Deputy Inspector-General of Police Tan Sri Ismail Omar said a police report had been lodged recently, prompting police to begin investigations under the Sedition Act.
However, he declined to reveal the name of the complainant.
"Our men from the Federal Commercial Crimes Investigation Department will be calling in the blogger soon to record his statement," said Ismail.
Earlier this week, Prime Minister Datuk Seri Abdullah Ahmad Badawi said those who fly the flag upside down would be insulting the Jalur Gemilang and action would be taken against them.
Police have traced the call to one particular blogger who asked Malaysians to fly the national flag upside down.
The blog gave techniques on how the flag should be flown and even had a picture of the flag being flown upside down together with a state flag.
Earlier story from AP:
Upside-down flags on Malaysia blogs irk government
Malaysia's prime minister told police to investigate an online campaign to display the national flag upside down, triggering a debate Thursday over whether it was an appropriate way to express displeasure with the government or an insult to the nation.
Prime Minister Abdullah Ahmad Badawi, whose administration has an uneasy relationship with a critical cyberspace community, accused the bloggers of "simply creating trouble" and indulging in "uncouth behavior."
"I hope the police will look into this matter and take the necessary action," Abdullah said Wednesday. "This is not merely mischievous but also a malicious act."
A police official said no instructions for a crackdown have been received, and it was not clear whether Abdullah was only issuing a veiled threat.
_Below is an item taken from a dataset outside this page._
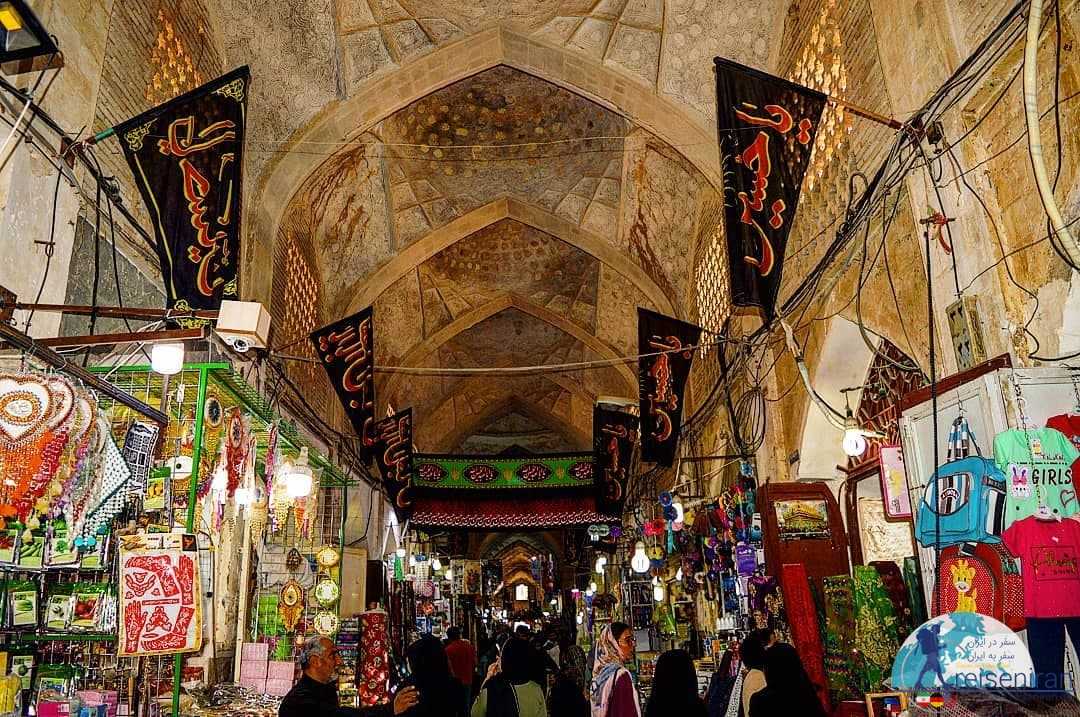 بازار قیصریه‌ی لار، الگوی معماری ایرانی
The official cannot be identified because he was not authorized to speak to the media.
Prominent blogger Kickdefella, whose real name is Syed Azidi Syed Abdul Aziz, stirred controversy when he urged other Internet writers to display the flag upside down to show their displeasure with the country's political and economic problems.
Bloggers largely supported Syed Azidi's right to freedom of expression, but remained split over whether posting images of an upside-down flag was a wise move.
Some said they are uncomfortable with what might be perceived as disrespect toward the flag. Only a handful of bloggers have so far taken up Syed Azidi's proposal since early this month.
Authorities have arrested several bloggers over the past two years for alleged sedition and other offenses, sparking complaints that the government wants to deter online dissent.
Syed Azidi refused to end his campaign, saying he had no intention of insulting the flag but wanted to highlight the plight of Malaysians hit by problems such as unemployment.
"If Abdullah is saddened from seeing the (flag) turned upside-down in cyberspace, I feel a thousand times sadder for being responsible" for having to start such a campaign, Syed Azidi wrote late Wednesday.
Blogger Michelle Yoon said Syed Azidi's effort "may not be the most conventional of ways, but in a way, this action has started to create awareness amongst us."
Many of Malaysia's most popular blogs offer strongly anti-government commentaries and present a substitute for the mainstream media, which are controlled by ruling political parties or closely linked to them.
However, government officials have often accused bloggers of spreading false information and inciting hatred toward authorities.